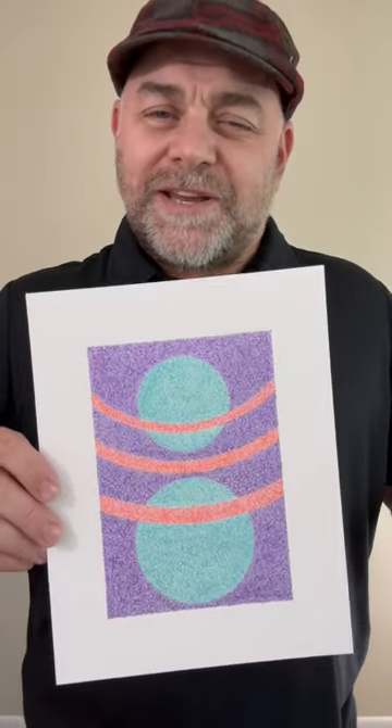Greetings, and thank you for tuning in to this Art by Troy Thomas production. For this short clip, I'm going to go back to 2015 to show you a small artwork that I did.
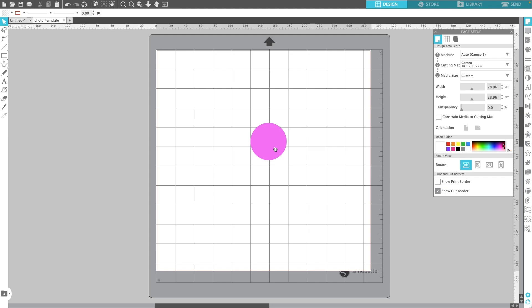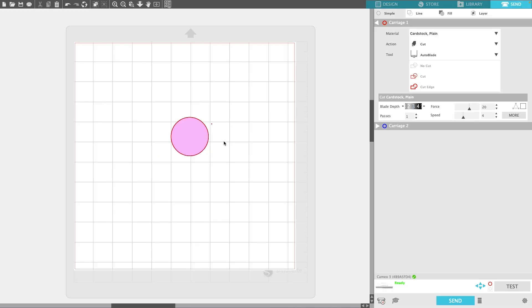I have the template already loaded into the software, and I'm going to click Send. Basically, we're going to cut out this circle and put our photo underneath it. This is going to tell us where that circle is going to cut on the mat. You're going to want to keep it in the middle of the mat, but a little bit towards the bottom — not too far, because you want to put your photo in here. I'm going to leave mine approximately there and go ahead and send it.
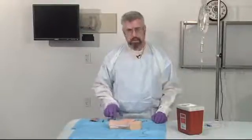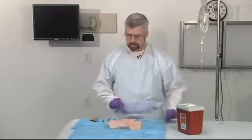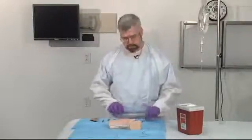There are several things that you want to make sure you have prior to doing a cut down. You want to make sure that you have the proper equipment. Things that you need at your disposal are a number 15 blade, a number 11 blade. You want an angiocath, or alternatively, you might actually use the end of an IV tubing to place within the vessel. You're going to need a pair of scissors, a couple of mosquito clamps, and some 2-0 silk.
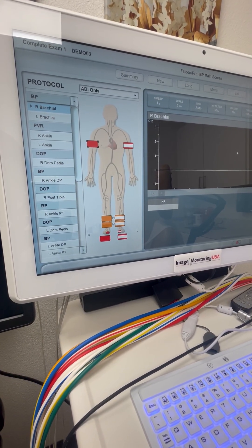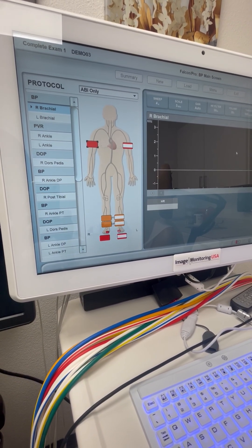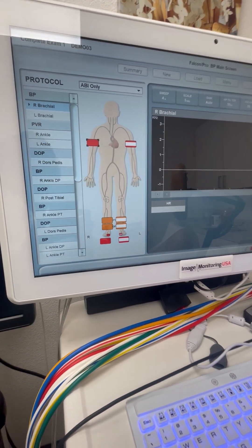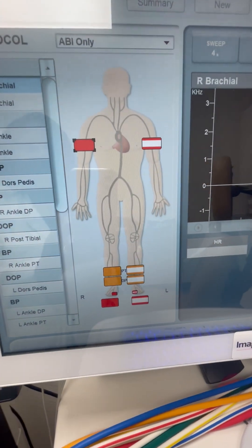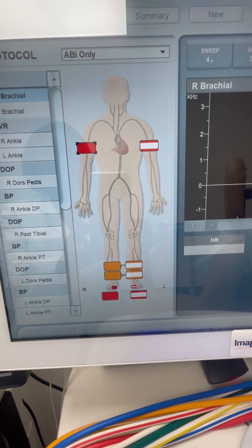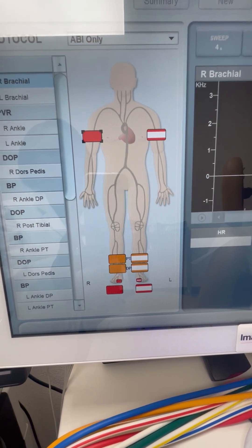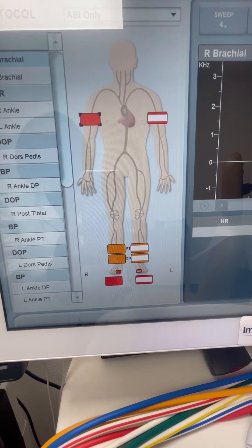This is our PVR machine that does the ABI test to screen for peripheral artery disease, or PAD. As you see here, what we do is we check the blood pressure of both arms, and we check two pressures on each leg.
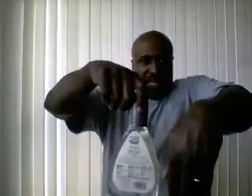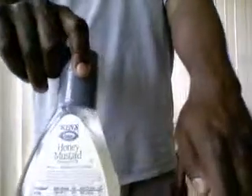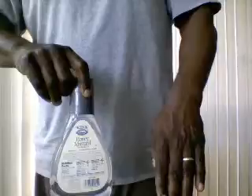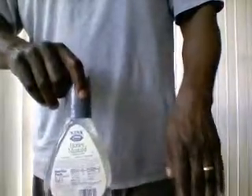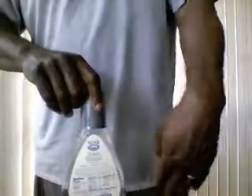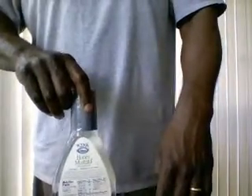Now, I can hold this here. If you notice, look at my wrist, look at the salad dressing bottle — they're both basically elongated triangles. This is my hand, this is my wrist. See that?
----------
Write the lines out exactly, beginning at the line that holds "There are several" and stopping after the last line of the entries; include no pictures.

There are several things that you want to make sure you have prior to doing a cut down. You want to make sure that you have the proper equipment. Things that you need at your disposal are a number 15 blade, a number 11 blade. You want an angiocath, or alternatively, you might actually use the end of an IV tubing to place within the vessel. You're going to need a pair of scissors, a couple of mosquito clamps, and some 2-0 silk.
This is our PVR machine that does the ABI test to screen for peripheral artery disease, or PAD. As you see here, what we do is we check the blood pressure of both arms, and we check two pressures on each leg.
Now, I can hold this here. If you notice, look at my wrist, look at the salad dressing bottle — they're both basically elongated triangles. This is my hand, this is my wrist. See that?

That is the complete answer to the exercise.